*COLLECTED MATERIAL*
=== Begin Enclosure ===

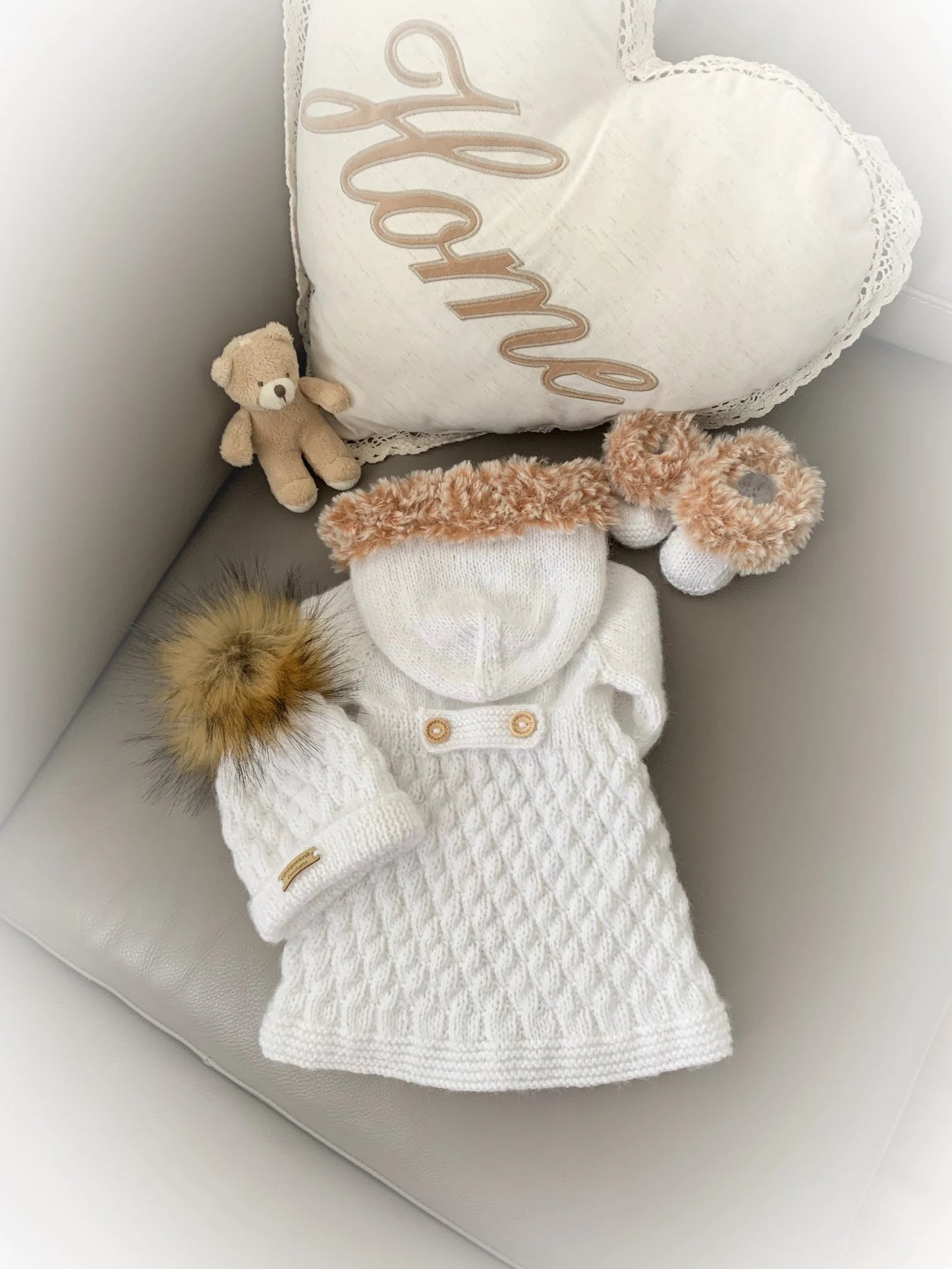 "Sage” 4 Piece Set Knitting pattern for Reborn doll 16-22” or 0-3 Mth Old Baby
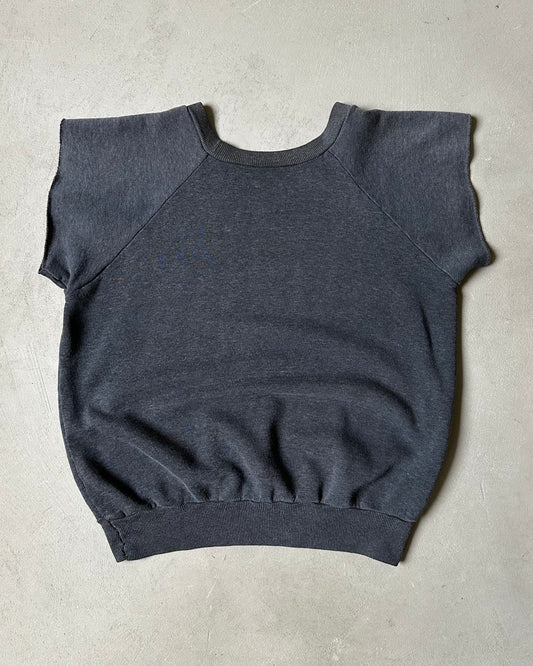 1980s - Faded Black Short Sleeve Crewneck - S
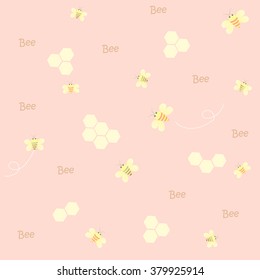 cute cartoon bee, vector illustration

=== End Enclosure ===

*TASK GOAL*
If you see a picture in the listing, skip it while copying everything else exactly.

*ANSWER SECTION*
 "Sage” 4 Piece Set Knitting pattern for Reborn doll 16-22” or 0-3 Mth Old Baby
 1980s - Faded Black Short Sleeve Crewneck - S
 cute cartoon bee, vector illustration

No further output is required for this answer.